---------- Supplied information

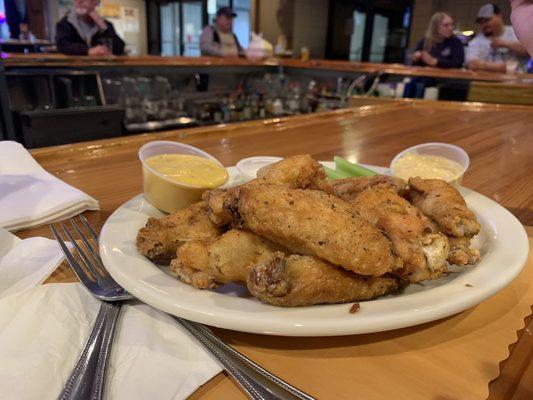 Fish fry and wings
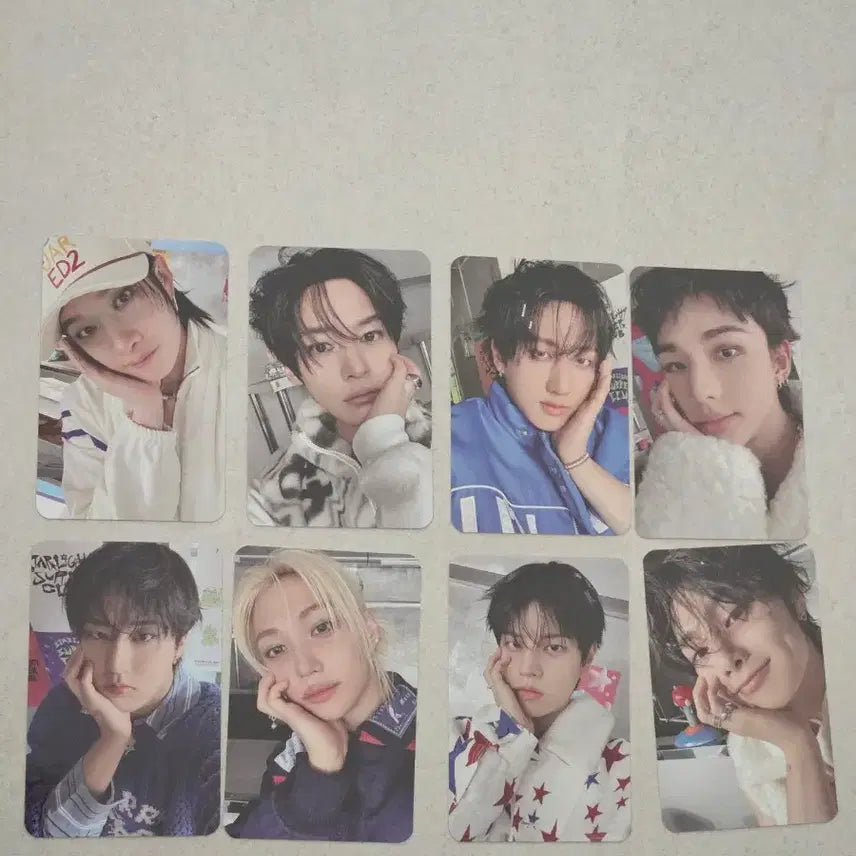 스트레이키즈 2026 시즌그리팅 yse24 특전포카 8종세트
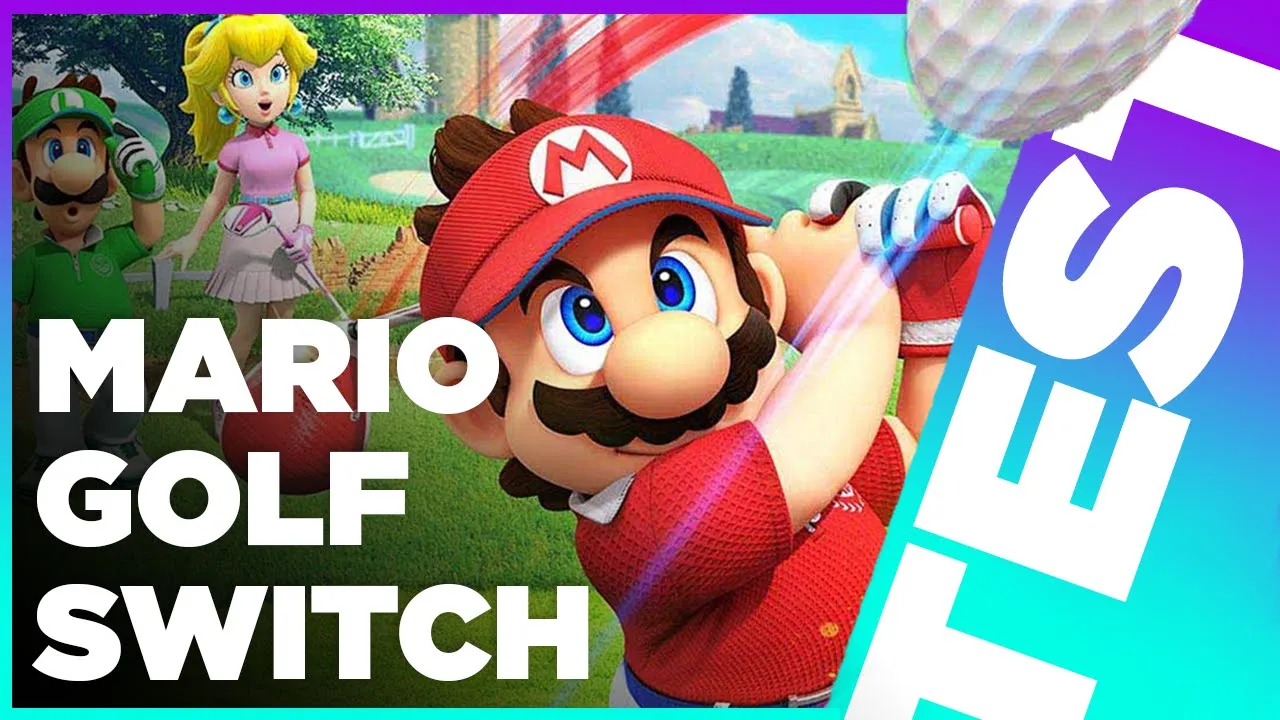 Vido-Test de Mario Golf Super Rush par JeuxVideo.com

--------------------

**Activity:** Your output should be only the lines from the line with "스트레이키즈 2026 시즌그리팅 yse24 특전포카 8종세트" through the end of the data, exactly as they stand, and no pictures.

**Task output:**
 스트레이키즈 2026 시즌그리팅 yse24 특전포카 8종세트
 Vido-Test de Mario Golf Super Rush par JeuxVideo.com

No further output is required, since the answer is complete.